Pois bem: indignado com a situação, e depois que eu li as cínicas declarações, inclusive de muitas "celebridades" no Twitter, e crendo, como nos ensina o Estado de Direito, que todos nós somos inocentes até que se prove o contrário (e não o contrário como nos ensinam os mestres da suspeita, Marx, Nietzsche e Freud, de que todos são culpados até que se prove o contrário, e que a realidade não é o que aparenta ser, inaugurando a cultura da suspeita e do medo em relação ao real e à vida), fui então à fonte: o que, afinal, disse o Papa? (pois eu pensei: o Papa não é tão leviano a ponto de dizer que o casamento gay ameaça o futuro da humanidade, pelo simples fato da maioria esmagadora da população ser heterossexual). Lido o texto (muito bom, por sinal), eis que surge a declaração do Papa: "as políticas que atentam contra a família ameaçam a dignidade humana e o próprio futuro da humanidade."

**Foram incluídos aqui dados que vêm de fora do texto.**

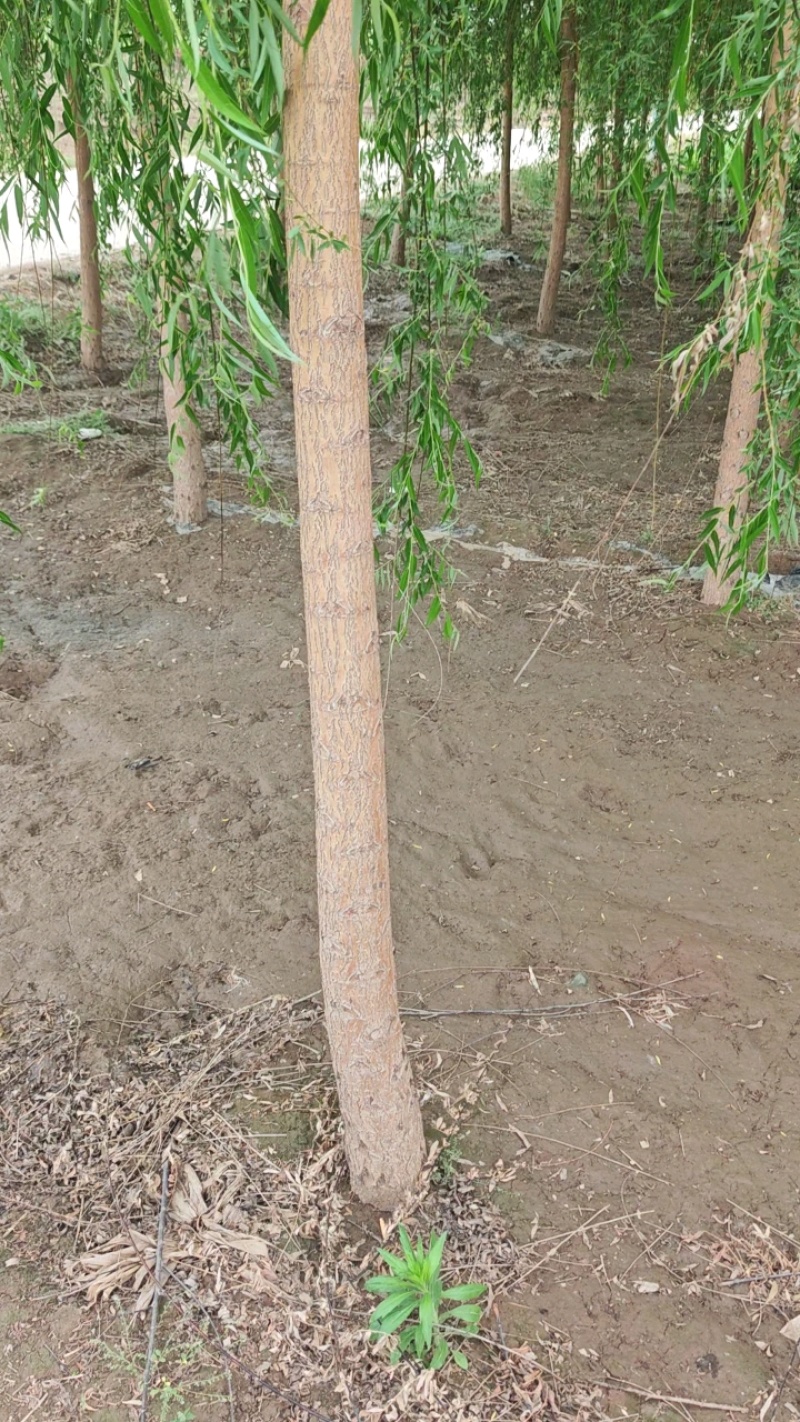 垂柳嫁接垂柳苗圃直供大量有货可对接工程绿化，开发商等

Ei-la a frase acima, foi exatamente o que o Papa disse. Depois de estudar análise do discurso, Michel Foucault, o não-dito e outras coisas mais (como fiz para a minha dissertação de mestrado), posso dizer que é uma interpolação gigantesca dizer que o Papa falou que "o casamento gay é uma ameaça à humanidade". Todo esse fuzuê com uma declaração que simplesmente inexistiu (porque cada um que teve ou tem uma família, para negar a afirmação do Papa, tem de ir contra a própria experiência, ao negar a importância fundamental do próprio pai e da própria mãe para o desenvolvimento de suas próprias vidas) me lembra o que George Orwell já profetizou há algumas décadas sobre a "novilíngua":  o poder que dominaria a sociedade começaria inventando uma nova língua, uma nova linguagem, mudando a forma das pessoas falarem e pensarem, impedindo as pessoas de pensarem e agirem por si próprias. O poder, invisível e difuso nestes tempos pós-modernos, líquido, mas onipresente, é como um Panóptico que a todos controla, do alto da sua Torre de Vigia. Uma meia-dúzia de agências de notícias, financiadas pelos grandes trustes que controlam as comunicações no mundo inteiro "criam" e divulgam notícias, espalhando-as pelo mundo afora. Para muitos, não existe a "verdade". A "verdade" é algo inatingível, o que existe é a minha versão dos fatos, a minha opinião, a minha posição. Em relação a Bahia e Vitória, Corínthians e São Paulo, até que dá um pensamento assim, mas isso não coaduna quando se trata da estrutura da realidade e da linguagem do ser. A novilíngua parte do princípio de que não existe verdade, só discurso. E é muito interessante que Michel Foucault, filósofo que estudou o poder nos anos 60 intercambiava as palavras "discurso" e "poder". "Quem controla o discurso controla o poder", diz Foucault.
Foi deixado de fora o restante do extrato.